Es que Hemingway atrapa hasta con su apellido, en rigor su última sílaba, que en inglés significa “dirección”, “camino”. Su libro es una autopista bien iluminada y señalizada. En su ensayo-conferencia París no se acaba nunca, Enrique Vila-Matas capta este tipo de astucias del escritor norteamericano, y con conocimiento de causa, porque él vivió en carne propia la seducción. Ya de grande, el catalán nos cuenta que de pibe leyó a Hemingway y entonces también se fue a vivir a París, que él también quiso ser joven y ser Hemingway, y largarse al hábito de la escritura en una humilde buhardilla de la capital francesa. 

Como el despistado Gil Pender en Midnight in Paris, Vila-Matas va a buscar la inspiración a la Ciudad Luz.

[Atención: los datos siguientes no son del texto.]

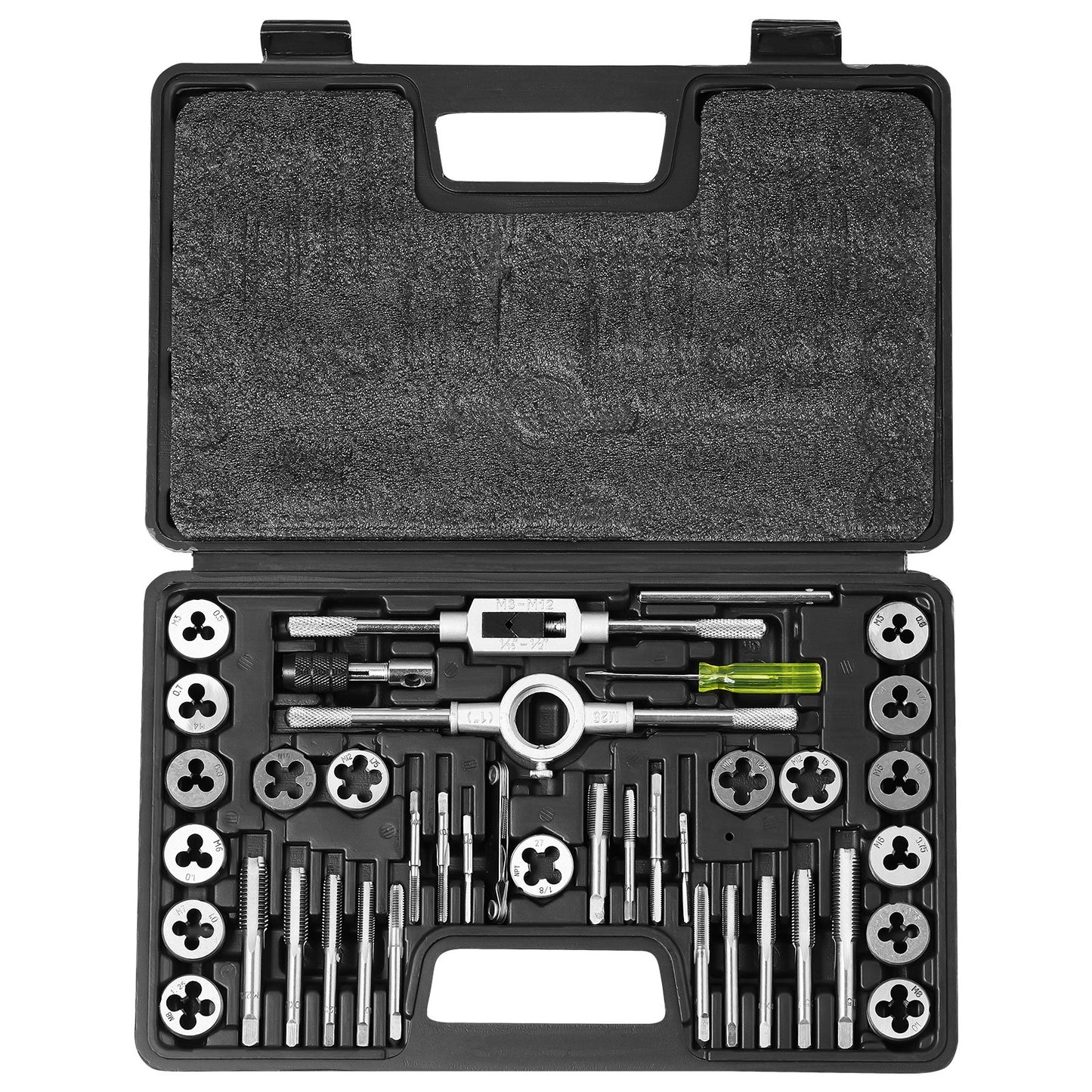 Tap and Die Set, 40-Piece Include Metric Size M3 to M12, Bearing Steel Taps and Dies, Essential Threading Tool for Cutting External Internal Threads, with Complete Accessories and Storage Case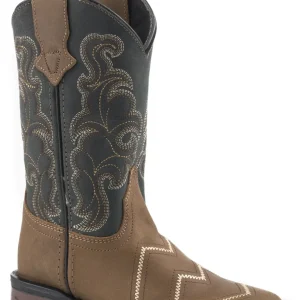 Roper Kids Brown Leather Vamp With Black Shaft Boots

Sin embargo, todo le sale simétricamente mal con respecto a París era una fiesta. La autopista se convierte en una sórdida callejuela parisina. Lo que en Hemingway es humilde, en Vila-Matas es miserable. Lo que en el joven Ernest es un inconveniente de la vida cotidiana, en el joven Enrique es desesperación existencial. En su estadía en la buhardilla de la casa de Marguerite Duras, no siente que está escribiendo nada bueno, no entiende los consejos literarios de la dueña de casa, no tiene éxito con las mujeres. Y se caga de frío, como corresponde. 

Vila-Matas se construye así como el anti-Hemingway. Pero de todos modos se construye. Y en esto es tan astuto como su colega norteamericano: narra sus desventuras como escritor y entonces también escribe dos veces. Hace lo más básico del mundo: narrarse a sí mismo. Y uno puede pensar que no hay en esto monotonía ni pereza creativa. Hay una especie de autoafirmación atrapa-lectores, un honesto despliegue de sí mismo que ya no es posible evitar. Uno se deja llevar. Una autopista bien iluminada, de nuevo.

Fabián Casas, un escritor que dice no tener imaginación, cuenta que Heidegger decía: “Ser original es querer”. Y uno podría pensar entonces que ser original es escribir. O trabajar.